As you can see from the map I carried on past Lodes Way along the byway alongside the Lode. This field looked pretty well cultivated.
The byway after crossing Lodes Way becomes a fairly decent track.
After taking the Lord’s Ground Drove route back to Lodes Way I carried along Headlake drove and up to what the old map calls Blinkers Hill. This is a field of spuds getting irrigated, perhaps to make lifting them easier?
After Blinkers Hill the road gets a little more rutted and bumpy until Straight Drove where is deteriorates into a load of gravel with the odd bit of tarmac remaining. There were more fields with bales in them awaiting collection though. I think this was along the back way into Wicken. Although it could have been on the Upware Road. Come to think about it I think it was somewhere along the gravel road (Harrison’s Drove, but not to be confused with the Drove of the same name in Wicken Fen.)
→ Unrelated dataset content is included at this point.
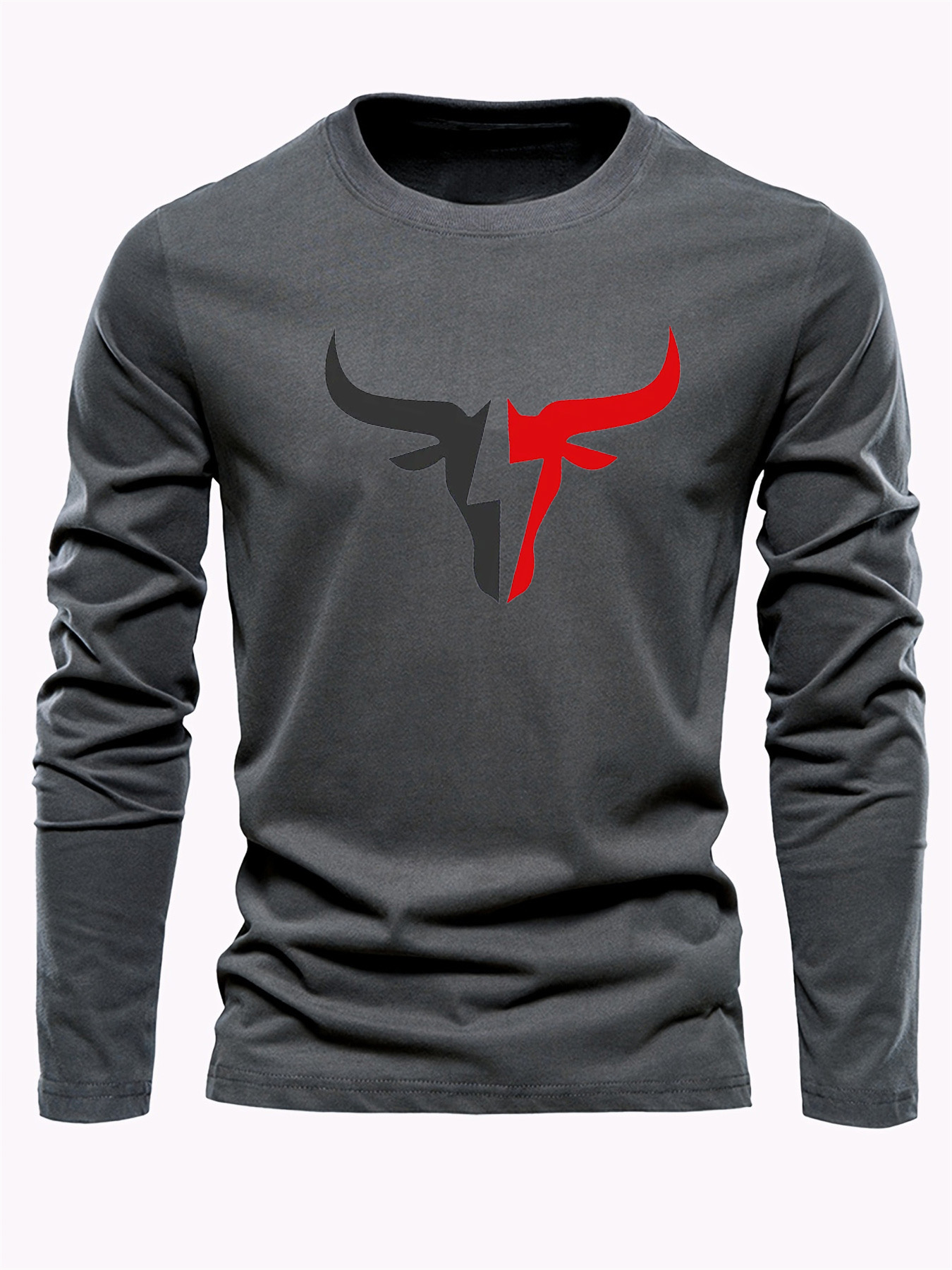 เสื้อยืดแขนยาวผู้ชายสีพื้นเรีย - Men'S Fashion Designer บทวิจารณ์และราคา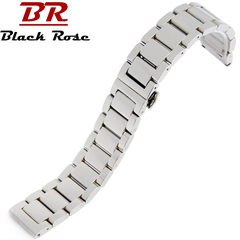 Black Rose不锈钢表带 精钢手表带18mm 20mm 22mm蝴蝶扣钢带配件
It was official – I’d reached the halfway point. It probably was as well.
And that was when I must have neglected to take any pictures – I am not really sure why – it was just the greyness of the day I guess. I still enjoyed the ride out though, even on a grey day the Fens are worth riding through.
I will just point to this link with a rather nice picture of Burwell Station and bridge though, that is no longer there.